Today we'll do a simple run through of a valuation method used to estimate the attractiveness of ScanSource, Inc. (NASDAQ:SCSC) as an investment opportunity by projecting its future cash flows and then discounting them to today's value. We will use the Discounted Cash Flow (DCF) model on this occasion. Models like these may appear beyond the comprehension of a lay person, but they're fairly easy to follow.

Remember though, that there are many ways to estimate a company's value, and a DCF is just one method. If you want to learn more about discounted cash flow, the rationale behind this calculation can be read in detail in the Simply Wall St analysis model.
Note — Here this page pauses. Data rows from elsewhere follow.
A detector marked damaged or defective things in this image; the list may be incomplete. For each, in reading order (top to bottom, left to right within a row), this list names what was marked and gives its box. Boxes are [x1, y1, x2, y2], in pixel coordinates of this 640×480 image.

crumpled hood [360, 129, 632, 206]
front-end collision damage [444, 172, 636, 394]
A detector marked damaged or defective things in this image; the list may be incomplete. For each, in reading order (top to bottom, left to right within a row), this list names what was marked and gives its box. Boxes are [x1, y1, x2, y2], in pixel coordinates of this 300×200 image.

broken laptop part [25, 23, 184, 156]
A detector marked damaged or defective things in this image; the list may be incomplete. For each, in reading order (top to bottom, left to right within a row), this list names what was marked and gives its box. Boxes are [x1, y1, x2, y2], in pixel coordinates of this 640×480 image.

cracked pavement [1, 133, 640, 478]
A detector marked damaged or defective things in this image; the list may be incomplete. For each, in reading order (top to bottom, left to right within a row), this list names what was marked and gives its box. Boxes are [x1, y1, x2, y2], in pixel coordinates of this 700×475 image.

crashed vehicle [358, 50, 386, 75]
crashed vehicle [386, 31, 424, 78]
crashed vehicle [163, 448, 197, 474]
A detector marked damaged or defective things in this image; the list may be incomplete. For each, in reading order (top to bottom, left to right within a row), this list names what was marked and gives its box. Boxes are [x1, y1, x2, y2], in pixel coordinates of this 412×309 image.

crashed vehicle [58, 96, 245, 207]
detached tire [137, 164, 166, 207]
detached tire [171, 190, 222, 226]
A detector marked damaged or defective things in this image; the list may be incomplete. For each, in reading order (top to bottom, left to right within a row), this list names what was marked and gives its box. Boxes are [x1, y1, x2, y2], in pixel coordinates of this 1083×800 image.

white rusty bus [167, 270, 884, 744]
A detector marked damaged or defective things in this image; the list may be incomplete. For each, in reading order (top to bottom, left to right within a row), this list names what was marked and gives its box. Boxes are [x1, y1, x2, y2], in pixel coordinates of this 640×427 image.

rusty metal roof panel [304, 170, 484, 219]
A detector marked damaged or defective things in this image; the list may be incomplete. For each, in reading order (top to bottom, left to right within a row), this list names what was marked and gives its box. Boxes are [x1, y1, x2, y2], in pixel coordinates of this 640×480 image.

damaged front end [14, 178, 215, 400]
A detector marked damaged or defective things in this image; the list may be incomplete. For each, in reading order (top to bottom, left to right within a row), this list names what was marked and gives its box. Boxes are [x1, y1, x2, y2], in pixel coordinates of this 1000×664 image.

Check out our latest analysis for ScanSource

Step By Step Through The Calculation

We are going to use a two-stage DCF model, which, as the name states, takes into account two stages of growth. The first stage is generally a higher growth period which levels off heading towards the terminal value, captured in the second 'steady growth' period. In the first stage we need to estimate the cash flows to the business over the next ten years. Where possible we use analyst estimates, but when these aren't available we extrapolate the previous free cash flow (FCF) from the last estimate or reported value. We assume companies with shrinking free cash flow will slow their rate of shrinkage, and that companies with growing free cash flow will see their growth rate slow, over this period. We do this to reflect that growth tends to slow more in the early years than it does in later years.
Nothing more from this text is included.